For more information on the films in both categories, please visit the festival’s official website.

This year, the spotlight was on the animation legend Bill Plympton and the artist Anouk De Clerq while many special programs and events served to promote an informed dialogue and act as a counterpoint to the fiery formations of constant crisis. As Artists-in-Residence VIS welcomed in Vienna the British animation artist, Peter Millard, who has also created this year’s festival trailer, the Hungarian animation artist, Réka Busci, and the Bosnian film director, Una Gunjak. In June, the German documentary filmmaker Jan Soldat will spend one month at the Q21 of the MuseumsQuartier Wien.

In the face of radicalized discourse after the humanitarian crisis and the subsequent dreadful reactions on the Old Continent, VIS esteemed that people often tend to balance out the surrounding vehemence by being “overly rational and overly didactical” and that when they react emotionally to a situation perceived as potentially threatening they “cannot appeal wholly to pure reason, but must still communicate to people’s humanness and emotional core” and what does Film do, if not precisely that. According to Diana Mereiou, this is what makes Film in general and film festivals in particular an extraordinarily fruitful context. By choosing “Fear is Not an Option” as this year’s subject, VIS does not wish to condemn but rather to try and look for alternative ways to frame the conversation, by facing our fears both individual and collective by looking at the bigger picture of what fear is or can be in certain contexts and by attaching curiosity and optimism to it, like for instance in the Triangle Program organized in cooperation with the Go Short Film Festival and the Festival du nouveau cinéma. In that sense, the festival has been inviting every edition since 2013 two festivals to curate a program in accordance with its motto. This year the honor was bestowed upon the two aforementioned festivals. Together with VIS’ programming contributions, the selections of the Triangle Program are screened at all three festivals, having premiered in Nijmegen in April. It then screened in Vienna and will be shown in Montréal in October. You will find more information on this particular program here.

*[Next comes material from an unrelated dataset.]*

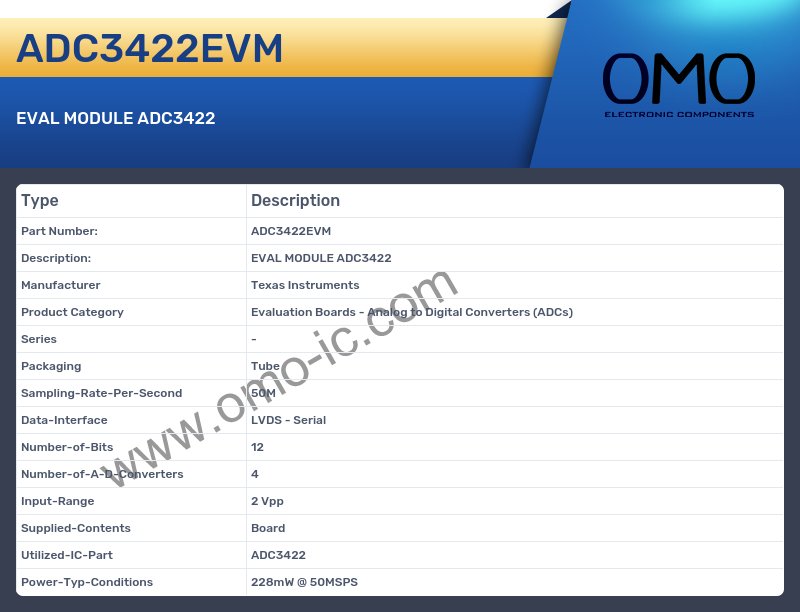 ADC3422EVM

Within the framework of the VIS Academy, the festival organized its industry event with the support of the Vienna Film Commission. Its purpose is to offer a networking platform to young and established filmmakers alike, with Film & Talk sessions (filmmakers and festival representatives discussed the successful marketing of short films and the creation of value; in regard to the “Fear is Not an Option” focus, curators, filmmakers and media experts tackled the issue of short film as an interface between cinema and journalism; the question of how reality can be grasped artistically was addressed and the artistic potential of animated films was discussed), industry breakfasts, receptions and a location tour around the capital of Austria.

Festivalgoers could experience Film beyond the movie theaters with a presentation of different formats in the Künstlerhaus Passagegallerie such as a video installation titled “Silent Signal” with animated science, the immersion in Virtual Reality as an extension of the Expanded Cinema program and short radio plays for the cinema in our heads called “Kino am Kopf”.

The 13th edition of VIS came to an end on 31 May with an Awards Ceremony held at the METRO Kinokulturhaus. The winners list can be seen here.

VIS 2016 took the current social and political conditions as its starting point and discussed systemic crisis, man-made catastrophes, the pursuit of freedom and the hope for a better life in seven curated programs. In only seven days, VIS managed to bridge the captivating and different aspects of short films and proved that Vienna at the end of May is without a doubt the place to be for international short filmmaking.